DESCRIPTION OF THE TASK —
Return all the data verbatim but without images.

MATERIAL FOR THIS EXERCISE —
::::::

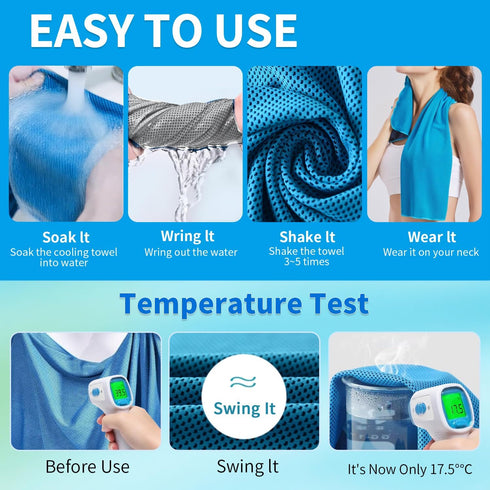 5 Pack 40 Inches 12 Inches, Puomue Cooling Towels, X Breathable Soft Chilly Microfiber Towel for Yoga, Sport, Running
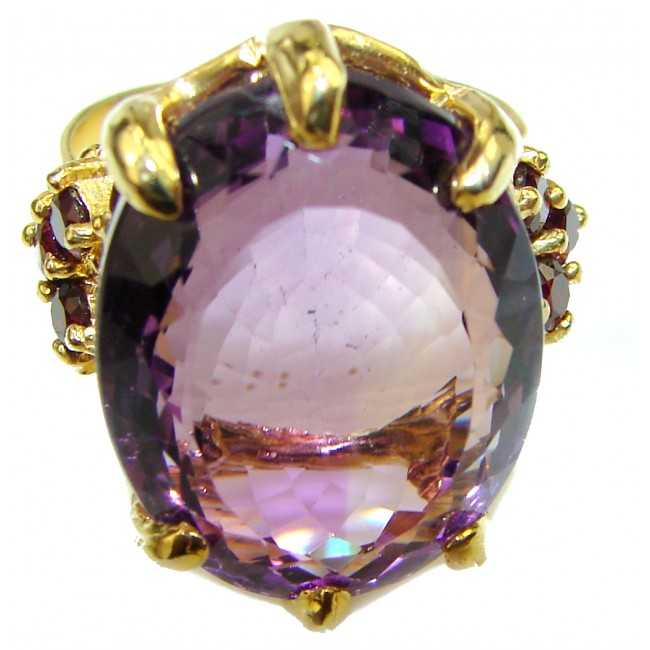 Purple African Amethyst 14K Gold over .925 Sterling Silver HANDCRAFTED Ring size 9 1/4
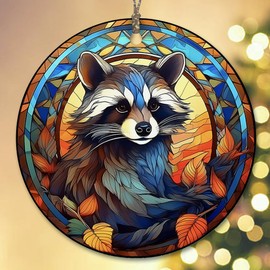 Sportyzen 2024 Christmas Ornament - Raccoon in a Stained Glass Window Ceramic Ornament, Raccoon Christmas Decoration, for Raccoon Lovers, Family, Friends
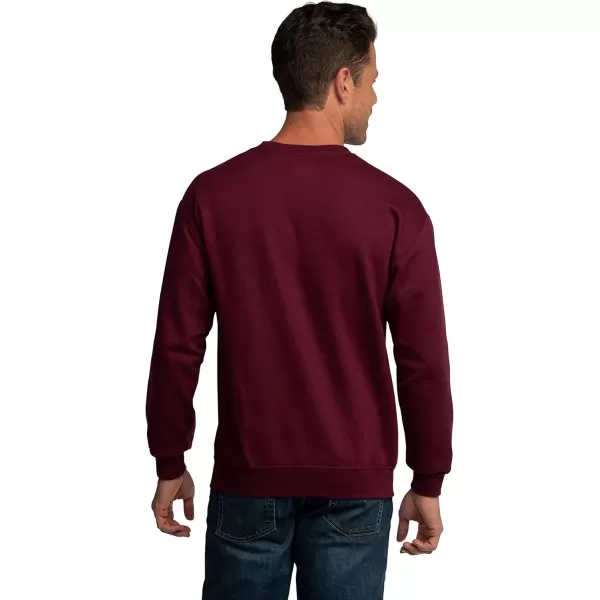 imageFruit of the Loom Mens Eversoft Fleece Sweatshirts Moisture Wicking ampamp Breathable Crewneck SweatshirtMaroon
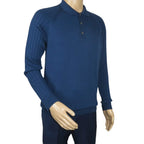 Men's Sweater Knit By BRANGO Turkey Polo Neck Cotton Blend 21220 Sax Blue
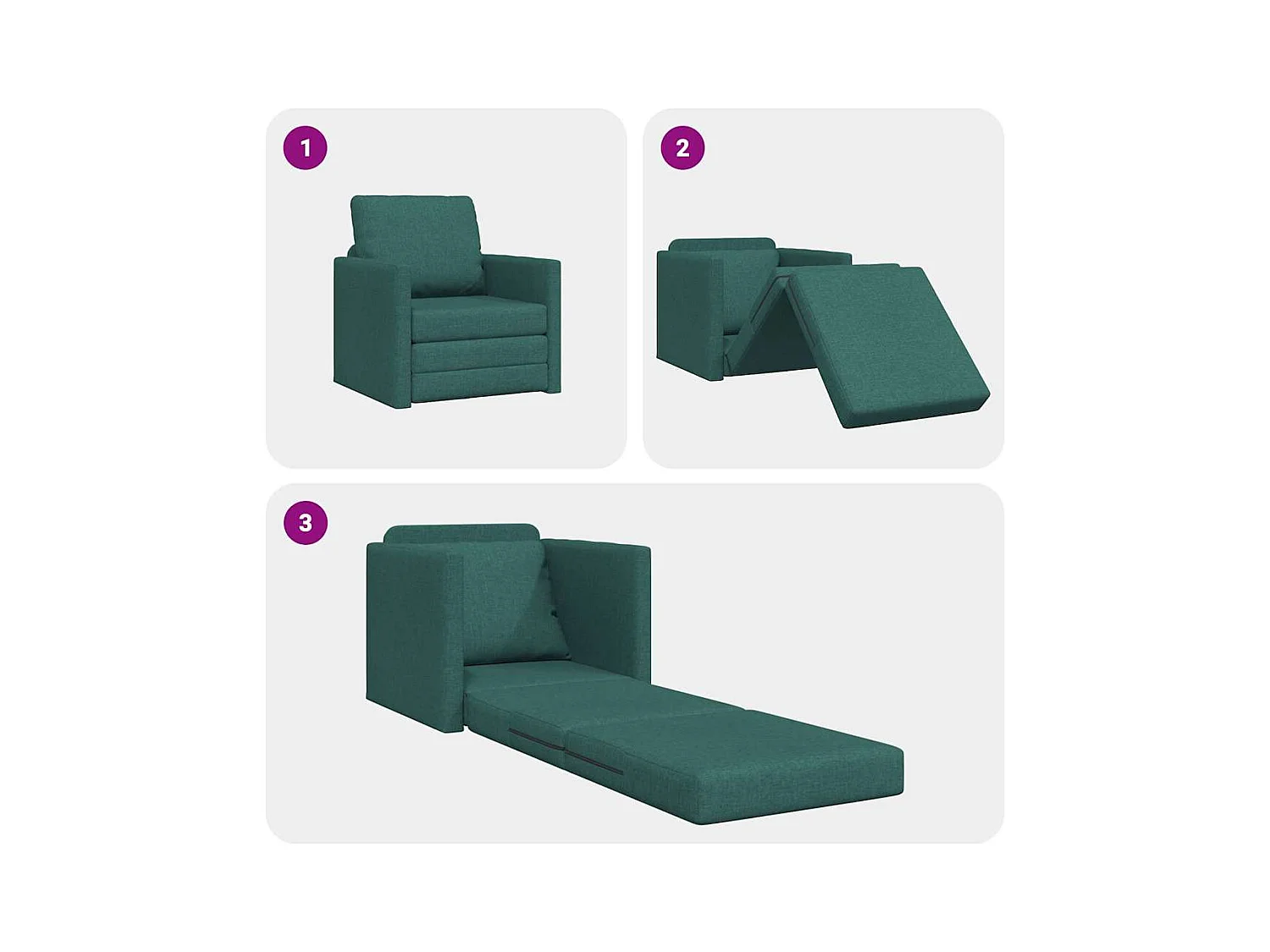 Divano letto con cuscino Tessuto verde scuro 74 x 77 x 81 cm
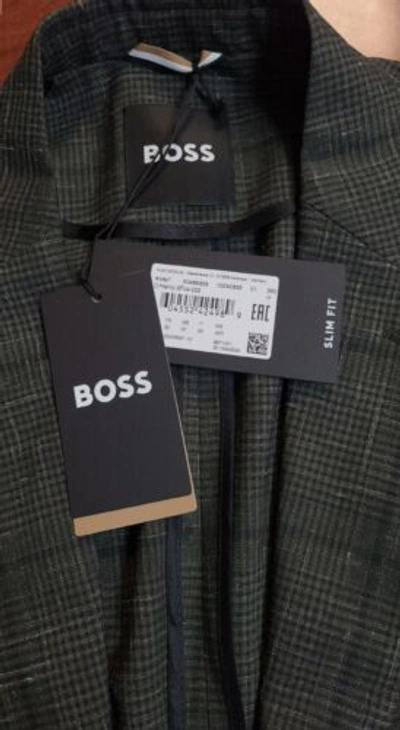HUGO BOSS Pre-owned $895 - Boss Slim Fit 2-piece Suit In Wool Linen Blend Italian Fabric - Size 40r In Green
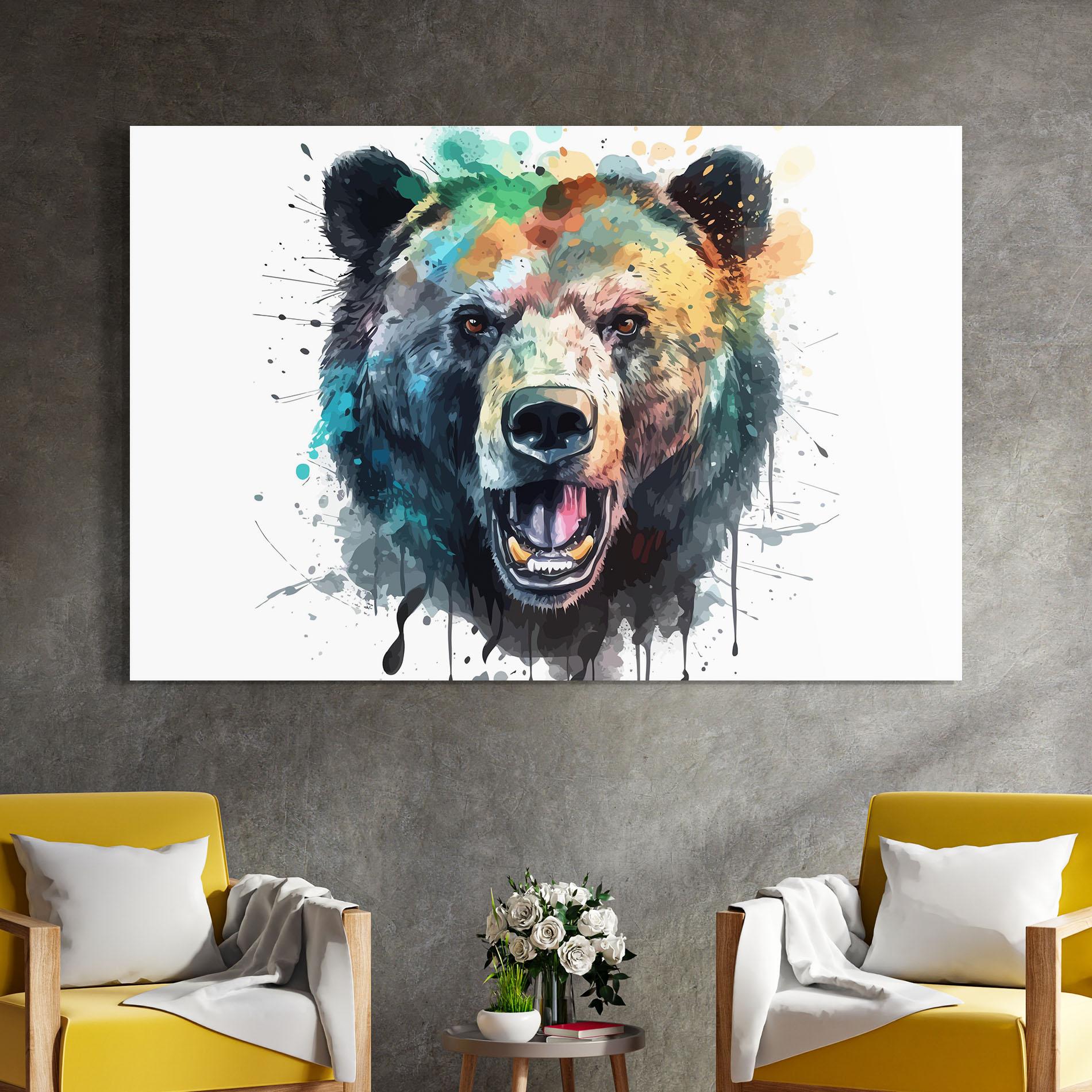 Obraz na Szkle Artistic Bear Head mockup 4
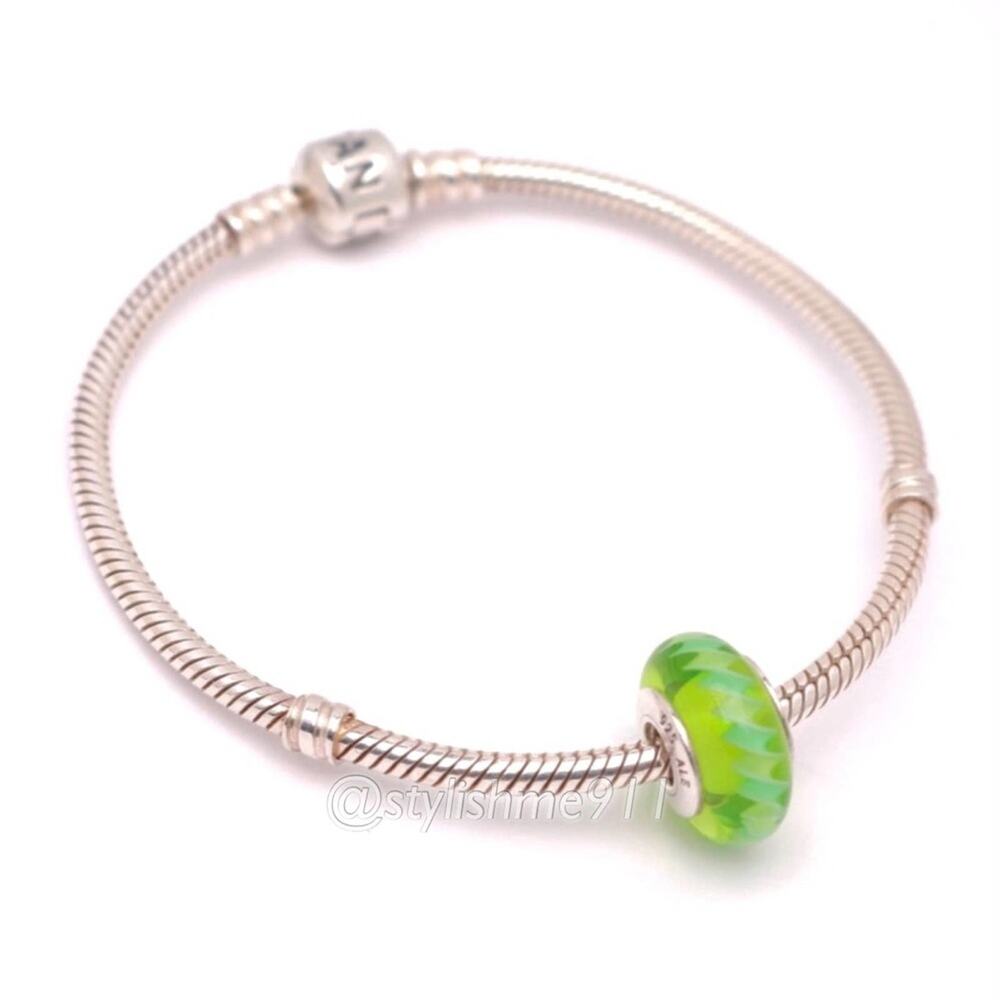 Authentic PANDORA Green Zigzag Murano Glass Bead Charm - Picture 5 of 8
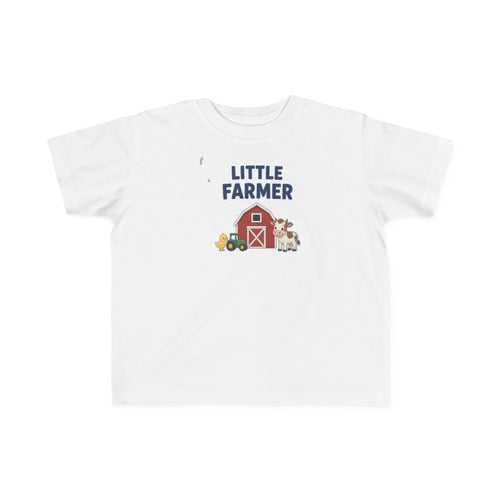 No ShopCo Little Farmer toddler T-shirt with barn, tractor and farm animals graphic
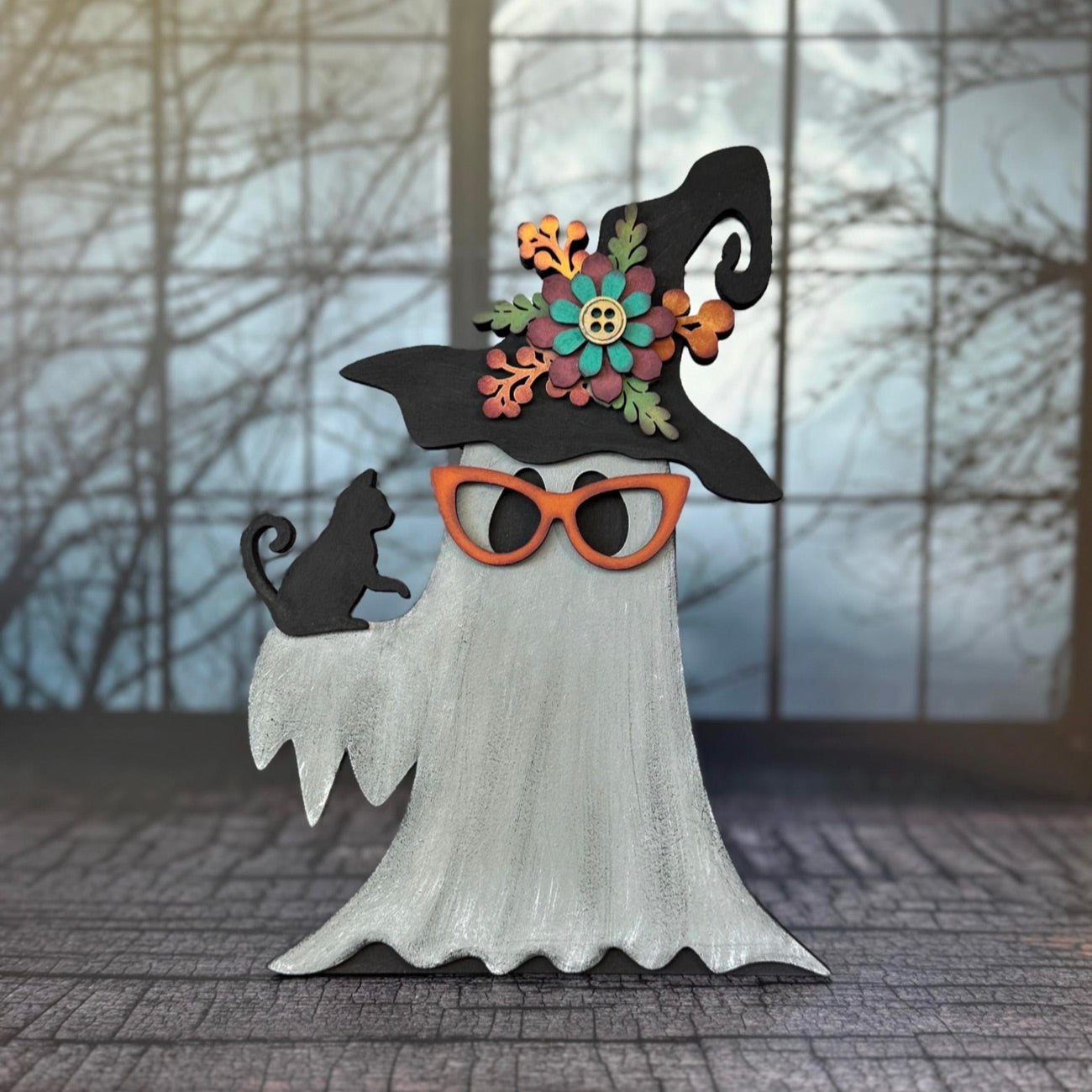 Cute Cat Lady Ghost with Witch Hat & Black Cat Shelf Leaner - Glowforge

::::::

RESULT OF THE EXERCISE —
 5 Pack 40 Inches 12 Inches, Puomue Cooling Towels, X Breathable Soft Chilly Microfiber Towel for Yoga, Sport, Running
 Purple African Amethyst 14K Gold over .925 Sterling Silver HANDCRAFTED Ring size 9 1/4
 Sportyzen 2024 Christmas Ornament - Raccoon in a Stained Glass Window Ceramic Ornament, Raccoon Christmas Decoration, for Raccoon Lovers, Family, Friends
 imageFruit of the Loom Mens Eversoft Fleece Sweatshirts Moisture Wicking ampamp Breathable Crewneck SweatshirtMaroon
 Men's Sweater Knit By BRANGO Turkey Polo Neck Cotton Blend 21220 Sax Blue
 Divano letto con cuscino Tessuto verde scuro 74 x 77 x 81 cm
HUGO BOSS Pre-owned $895 - Boss Slim Fit 2-piece Suit In Wool Linen Blend Italian Fabric - Size 40r In Green
 Obraz na Szkle Artistic Bear Head mockup 4
 Authentic PANDORA Green Zigzag Murano Glass Bead Charm - Picture 5 of 8
 No ShopCo Little Farmer toddler T-shirt with barn, tractor and farm animals graphic
 Cute Cat Lady Ghost with Witch Hat & Black Cat Shelf Leaner - Glowforge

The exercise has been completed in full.